DB Nieruchomości

Męskie i kobiece zawody – czy istnieje taki podział?

Współcześnie coraz aktywniej walczymy ze stereotypami i nie dajemy się zamykać w wyznaczanych dotąd ramach. W związku z tym ożywioną dyskusję może wywołać podział na męskie i kobiece zawody.

Wydarzenia ostatnich lat dobitnie pokazują nam, że rola kobiet w polskim społeczeństwie nieustannie ulega ewolucji. Zmianom podlega nie tylko sposób postrzegania kobiet w biznesie, nauce, kulturze czy sporcie, szczególnie tych przebojowych i przedsiębiorczych, ale także ich realne możliwości. Z czystym sumieniem możemy stwierdzić, że na naszych oczach prężnie rozwija się przedsiębiorczość kobiet.

Kobiety i mężczyźni różnią się od siebie – myślą, odczuwają i postrzegają wszystko w odmienny sposób. Panie mają też o wiele bardziej wyczulone zmysły – dużo lepiej radzą sobie z rozróżnianiem smaków czy zapachów, potrafią też dostrzec więcej szczegółów. Panie mają także lepszą pamięć wzrokową, co może wydawać się dziwne, gdyż to mężczyźni są lepszymi wzrokowcami. I jeszcze jedno – płeć piękna doskonale radzi sobie także z robieniem wielu rzeczy na raz.
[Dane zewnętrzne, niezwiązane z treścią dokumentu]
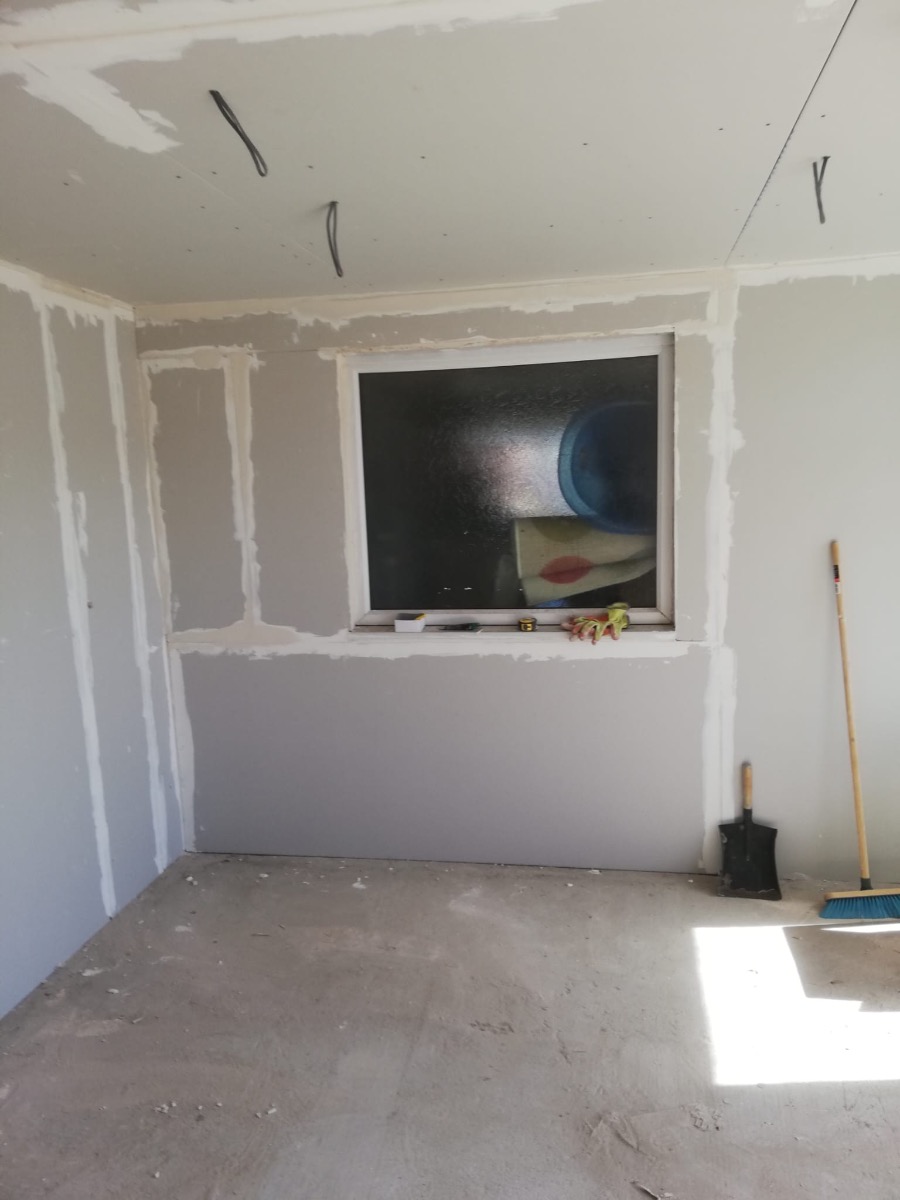 Painter and Decorator: Image 5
Warto zatem lepiej przyjrzeć się tej rzeczywistości zawodowej, w której przychodzi nam wszystkim funkcjonować. Zwłaszcza, że we współczesnych czasach coraz więcej przebojowych kobiet decyduje się świadomie wkroczyć do świata tradycyjnie uznawanego za męski – czyli świata dyrektorów, menedżerów wysokiego szczebla i naukowców. Wśród barier hamujących karierę kobiet, szczególnie w branżach uważanych za „typowo męskie”, niechlubny prym wiedzie tzw. „szklany sufit”, definiowany potocznie jako mechanizm ograniczania szans rozwoju zawodowego kobiet i stawiania im przeszkód nie do pokonania nawet w przypadku, gdy perspektywa awansu wydaje się być realna. Drugim, również często spotykanym hamulcem, jest tzw. „lepka podłoga”, czyli zjawisko symbolicznego przywiązania kobiet do zawodów o niższym statusie, uznawanych za mniej prestiżowe. Dlatego też wciąż niewiele kobiet zajmuje wysokie stanowiska dyrektorskie i menedżerskie, chociaż badania wskazują, że niejednokrotnie kobiety radzą sobie na kierowniczych stanowiskach lepiej niż mężczyźni.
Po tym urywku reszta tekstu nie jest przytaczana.